== Work to complete ==
Quote exactly and only this range of lines in the data below: the line that holds "Welcome! Here I've" to the line that holds "Here is a paper", both included.

(Records for the exercise)

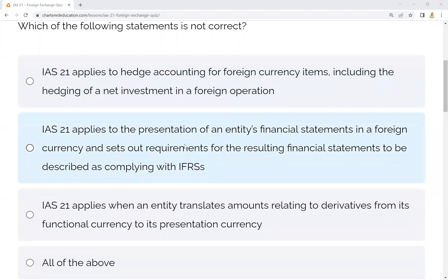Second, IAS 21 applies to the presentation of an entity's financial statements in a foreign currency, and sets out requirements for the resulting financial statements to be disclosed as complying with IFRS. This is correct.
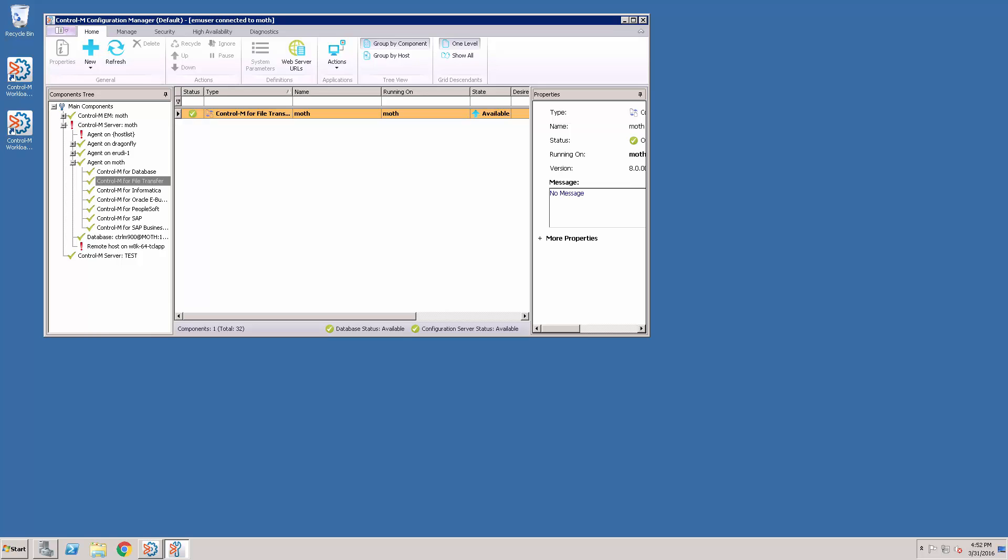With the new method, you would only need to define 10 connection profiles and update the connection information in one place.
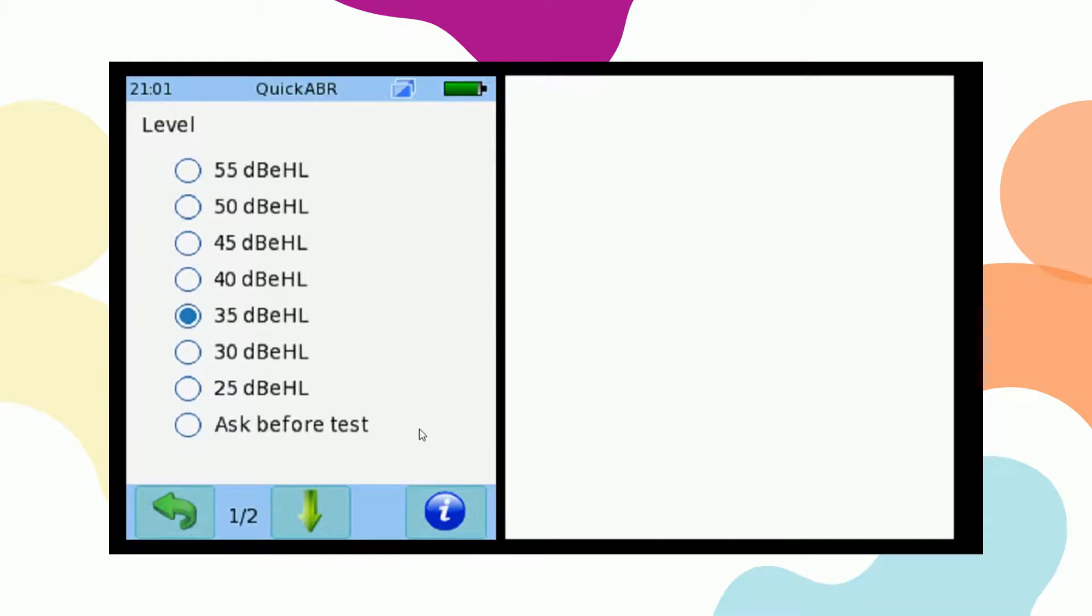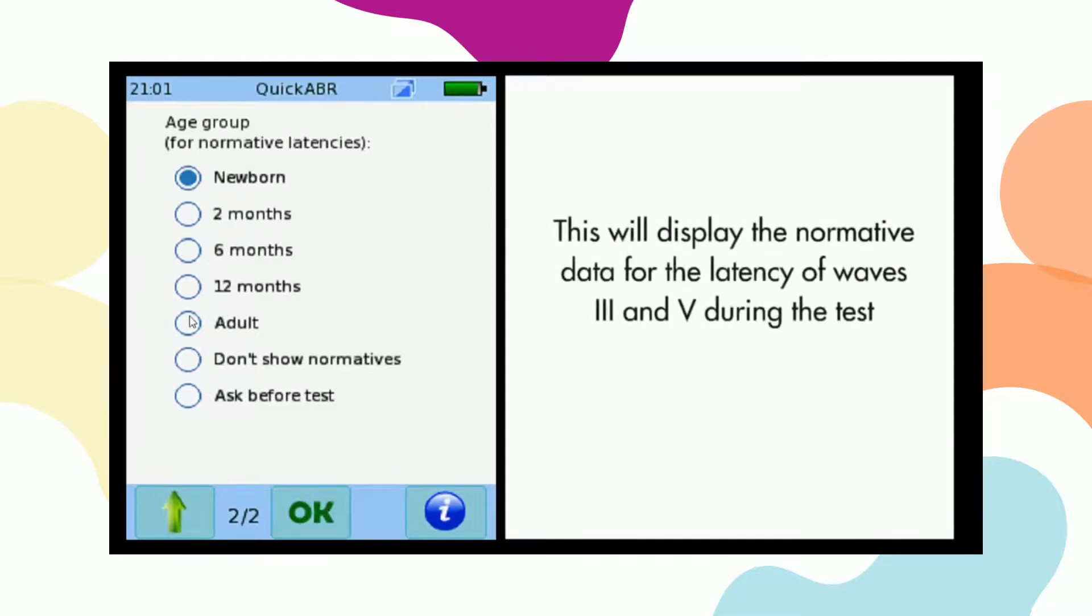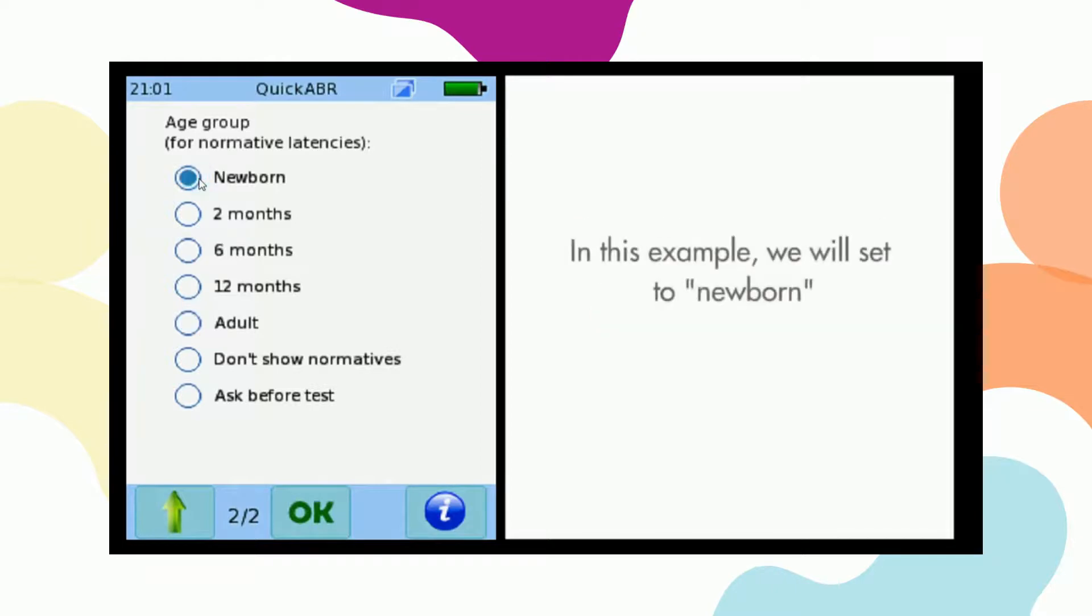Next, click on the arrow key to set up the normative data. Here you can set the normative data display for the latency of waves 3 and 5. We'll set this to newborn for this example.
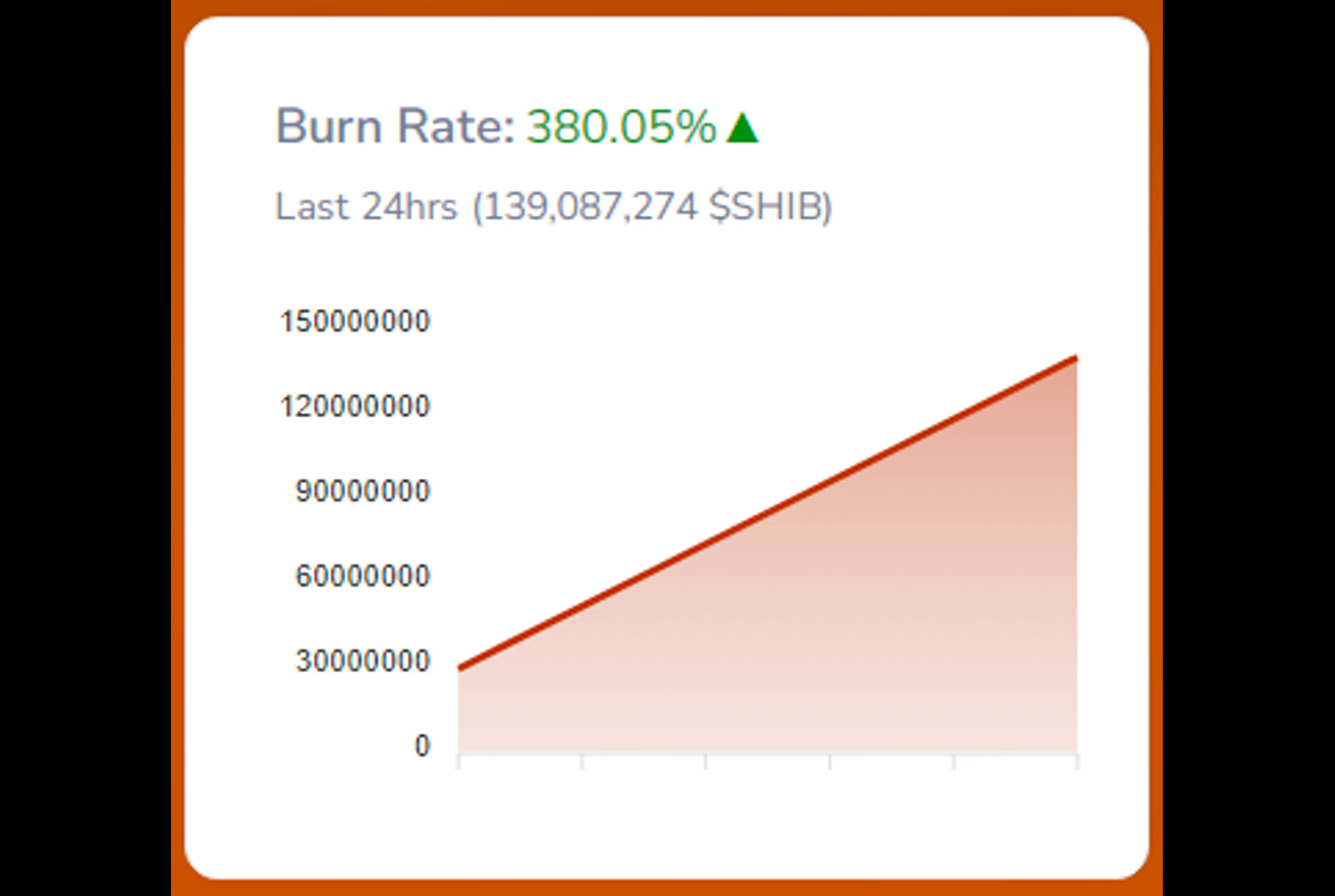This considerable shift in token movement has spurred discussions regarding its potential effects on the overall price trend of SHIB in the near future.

(End Records for the exercise)
(Records for the exercise)

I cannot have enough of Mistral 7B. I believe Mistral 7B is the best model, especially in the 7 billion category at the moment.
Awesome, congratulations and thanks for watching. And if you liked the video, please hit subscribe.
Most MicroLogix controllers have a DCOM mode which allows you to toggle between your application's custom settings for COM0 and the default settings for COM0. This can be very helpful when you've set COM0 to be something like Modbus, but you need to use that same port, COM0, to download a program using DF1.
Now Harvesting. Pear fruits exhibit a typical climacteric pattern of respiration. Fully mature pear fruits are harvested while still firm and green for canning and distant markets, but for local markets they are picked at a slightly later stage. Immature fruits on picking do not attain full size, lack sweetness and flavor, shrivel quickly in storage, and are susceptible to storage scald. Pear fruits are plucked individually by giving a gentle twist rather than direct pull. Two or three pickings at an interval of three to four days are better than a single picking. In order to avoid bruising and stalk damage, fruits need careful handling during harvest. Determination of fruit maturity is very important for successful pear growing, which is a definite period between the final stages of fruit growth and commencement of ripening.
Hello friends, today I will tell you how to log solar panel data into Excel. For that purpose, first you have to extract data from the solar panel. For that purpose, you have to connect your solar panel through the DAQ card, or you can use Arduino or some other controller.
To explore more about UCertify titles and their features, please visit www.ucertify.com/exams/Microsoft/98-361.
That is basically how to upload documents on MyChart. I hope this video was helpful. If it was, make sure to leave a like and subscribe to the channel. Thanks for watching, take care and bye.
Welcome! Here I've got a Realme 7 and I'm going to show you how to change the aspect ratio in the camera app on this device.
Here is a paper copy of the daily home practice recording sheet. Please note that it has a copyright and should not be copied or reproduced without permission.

(End Records for the exercise)
(Records for the exercise)

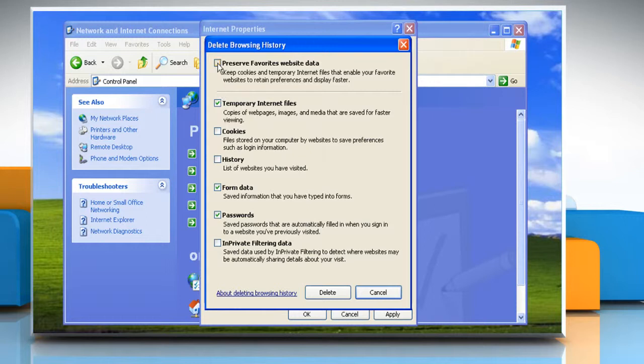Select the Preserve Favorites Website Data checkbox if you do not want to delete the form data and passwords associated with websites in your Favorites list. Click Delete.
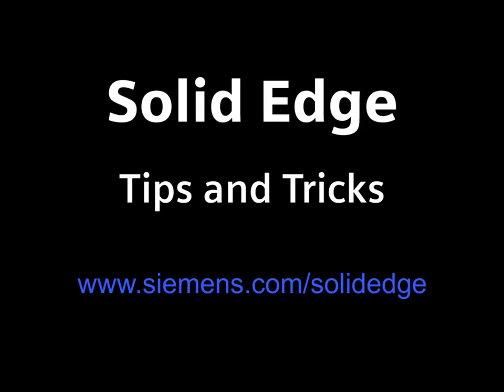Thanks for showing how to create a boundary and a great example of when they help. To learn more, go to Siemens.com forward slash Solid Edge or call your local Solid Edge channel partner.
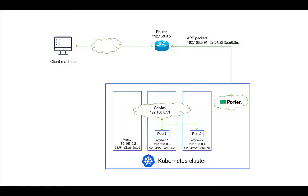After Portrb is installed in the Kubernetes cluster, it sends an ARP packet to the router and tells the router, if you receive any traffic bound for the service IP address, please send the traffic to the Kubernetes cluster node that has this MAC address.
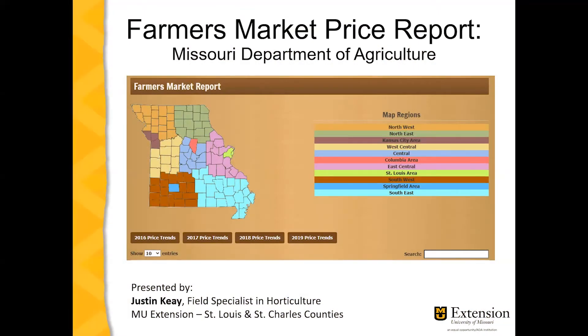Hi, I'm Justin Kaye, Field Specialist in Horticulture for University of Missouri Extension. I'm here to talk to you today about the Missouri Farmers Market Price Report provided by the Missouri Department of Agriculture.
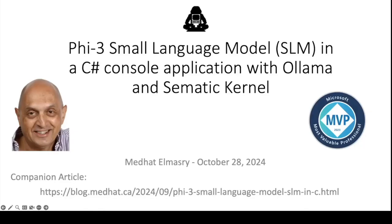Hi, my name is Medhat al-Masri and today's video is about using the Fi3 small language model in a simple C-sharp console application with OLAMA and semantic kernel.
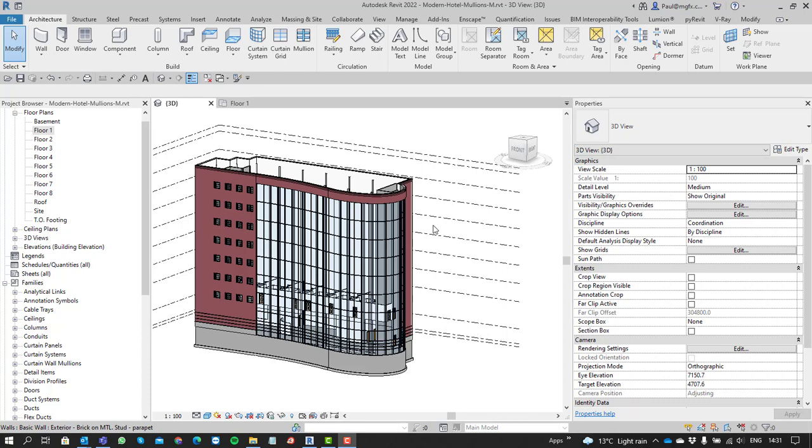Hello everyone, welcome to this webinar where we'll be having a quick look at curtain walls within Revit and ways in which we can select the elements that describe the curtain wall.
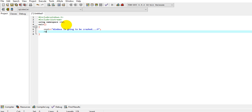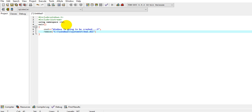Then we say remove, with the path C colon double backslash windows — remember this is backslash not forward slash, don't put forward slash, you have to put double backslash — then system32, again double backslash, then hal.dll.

(End Records for the exercise)

== Answer section ==
Welcome! Here I've got a Realme 7 and I'm going to show you how to change the aspect ratio in the camera app on this device.
Here is a paper copy of the daily home practice recording sheet. Please note that it has a copyright and should not be copied or reproduced without permission.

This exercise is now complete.